A simple LC oscillator and energy source can produce waves of desired frequency.

Hint

(a, c, d) Radiation pressure $(p)$ is the force exerted by electromagnetic wave on unit area of the surface, i.e., rate of change of momentum per unit area of the surface.
Momentum per unit time per unit area
$=\frac{\text { Intensity }}{\text { Speed of wave }}=\frac{I}{c}$
Change in momentum per unit time per unit area $=\frac{\Delta I}{c}=$ radiation pressure $(p)$
i.e., $p=\frac{\Delta I}{c}$
Momentum of incident wave per unit time per unit area $=\frac{I}{\mathrm{C}}$
When wave is fully absorbed by the surface, the momentum of the reflected wave per unit time per unit area $=0$.
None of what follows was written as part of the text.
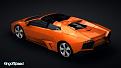 اضغط على الصورة لعرض أكبر. 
Radiation pressure $(p)=$ change in momentum per unit time per unit area $=\frac{\Delta I}{\mathrm{c}}=\frac{I}{\mathrm{c}}-0=\frac{I}{\mathrm{c}}$.
When wave is totally reflected, then momentum of the reflected wave per unit time per unit area $=-\frac{I}{\mathrm{C}}$, Radiation pressure $p=\frac{I}{\mathrm{c}}-\left(-\frac{I}{\mathrm{c}}\right)=\frac{2 I}{\mathrm{c}}$.
Here, $p$ lies between $\frac{I}{c}$ and $\frac{2 I}{c}$.